C'est celle qui assure ton avenir social en blindant son répertoire téléphonique; ainsi qu'économique si on tient compte des anecdotes qui t'font penser qu'elle se fera épouser dans moins de 2 mois par un trentenaire professionnellement calé; et puis pourquoi pas juridique en faisant exploser le plafond des bouches de métro lorsqu'elle ouvre sa bouteille de .. jus d'ananas.

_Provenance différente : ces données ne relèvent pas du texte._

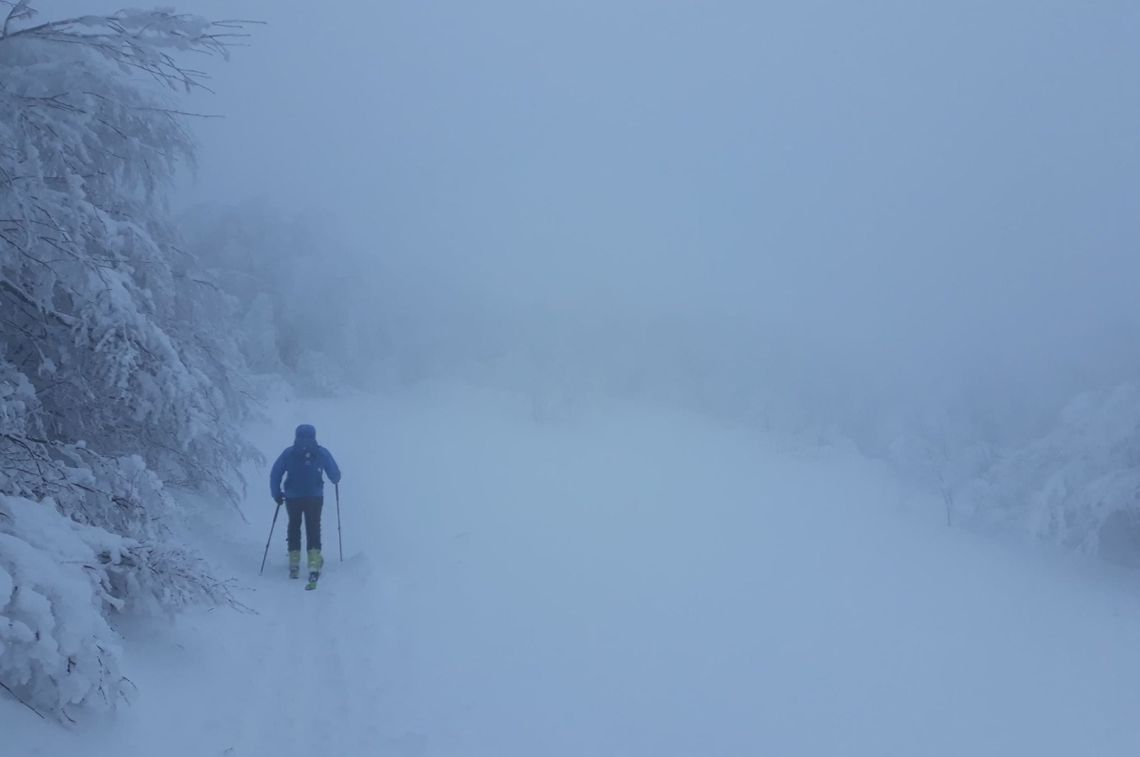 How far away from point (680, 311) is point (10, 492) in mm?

Avec elle, tout Lyon est ton ami, tout les bars sont open, et tout les étrangers deviennent dingues de leur corps. Les cyclistes scientifiques nous saluent de loin, les toxicomanes de près, et quant aux pervers sexuels, c'est cash qu'ils nous demandent si on est encore pucelle. Moins classe.
Je passe de très bons moments avec ma collocataire. On s'entend bien, elle est gentille, et elle me laisse même mettre Elvis pendant 5 minutes, après 45 minutes de danse frénétique sur Claude François [ j'ai été forcée ], et la Bambboula chantée à tu-tête [ j'ai été droguée ]. Même que toutes les deux on partage tout. Oui oui, tout tout tout. Les molards qui coulent le long du cou, les impressions personnelles "putain mais t'as des gros seins o_O !!!", et l'affaire des 11 tampax disparus -qui reste encore à ce jour irrésolue-.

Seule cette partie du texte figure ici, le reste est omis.